Tropical moist forests, which are widely distributed across the tropics, play essential roles in maintaining biodiversity, regulating the terrestrial carbon cycle, and mitigating climate change. However, over recent decades, extensive deforestation driven by human activities, together with increasing forest degradation caused by fires, extreme droughts, and selective logging, has turned tropical forests into major global carbon sources.

Natural forest regeneration is regarded as one of the most cost-effective nature-based solutions for removing atmospheric carbon dioxide. It mainly includes three recovery pathways: secondary forests, degraded forests, and forest expansion.

Although existing datasets suggest that the area of natural forest expansion in moist tropical regions slightly exceeds that of secondary forests, its carbon sink capacity has remained unquantified, creating considerable uncertainty in assessing the contribution of tropical forest regeneration to climate change mitigation.
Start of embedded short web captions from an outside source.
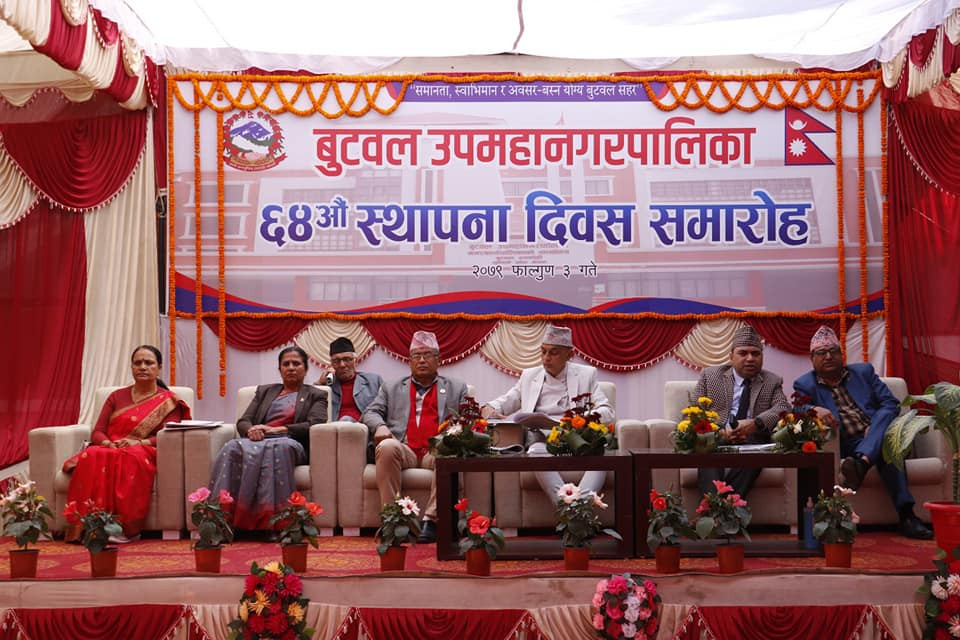 बुटवलको ६४औं स्थापना दिवस : ‘जनप्रतिनिधिहरु सुविधाभोगी नबनाैँ’ : धनराज गुरुङ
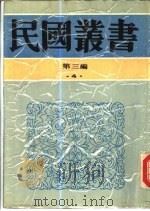 东晋南北朝学术编年   1992  PDF电子版封面  7805694761  刘汝霖著 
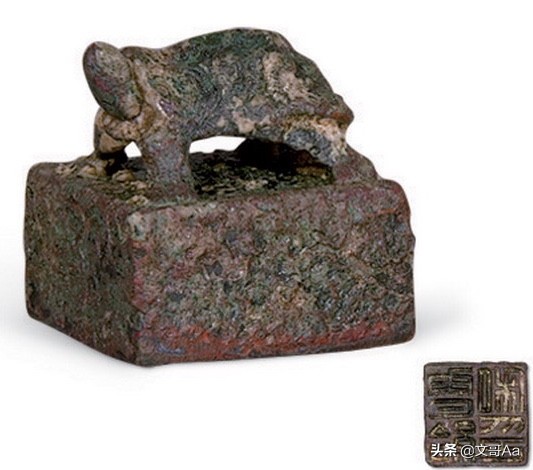 汉代玺印蛇钮,汉代青铜印玺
Modeled region-specific AGC accumulation for naturally regenerating forests. Climatic Regions I and II for the tropical Americas (a), Africa (d) and Asia (g). Modeled AGC accumulation curves for natural forest expansion (b, c), secondary forest (e, f) and degraded forest (h, i) in Regions I and II across the three tropical regions. (Image by APM)

To address this knowledge gap, the research team integrated the Joint Research Centre Tropical Moist Forest (JRC TMF) change product with NASA GEDI LiDAR biomass footprint data to derive fine-resolution spatial distributions of forest age for pantropical forest regeneration, including natural forest expansion, secondary forests, and degraded forests, from 1985 to 2022.
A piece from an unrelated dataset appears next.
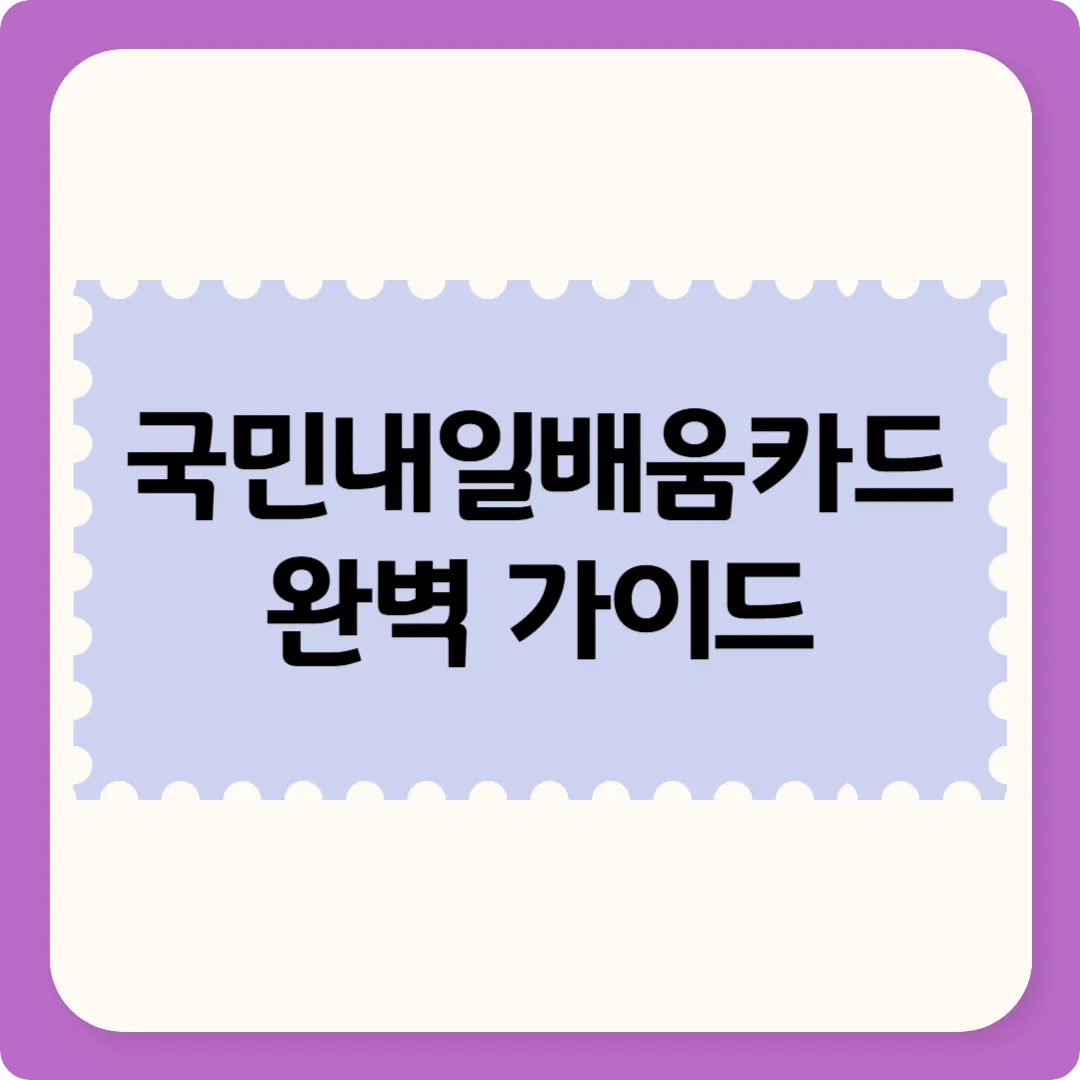 국민내일배움카드 훈련장려금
Using the classical "space-for-time" substitution approach, the researchers developed above-ground carbon (AGC) accumulation models for different climate zones and recovery pathways, and further investigated the climatic and environmental drivers influencing forest carbon accumulation and model predictions.

Based on these models, they quantified and compared carbon accumulation rates and carbon sink capacities among the three types of naturally regenerating forests across tropical America, Africa, and Asia under different climatic conditions. The study also evaluated their contributions to offsetting carbon emissions caused by forest degradation and deforestation. In addition, future carbon sink potentials of the three natural forest regeneration pathways by 2030 were projected under five forest restoration scenarios.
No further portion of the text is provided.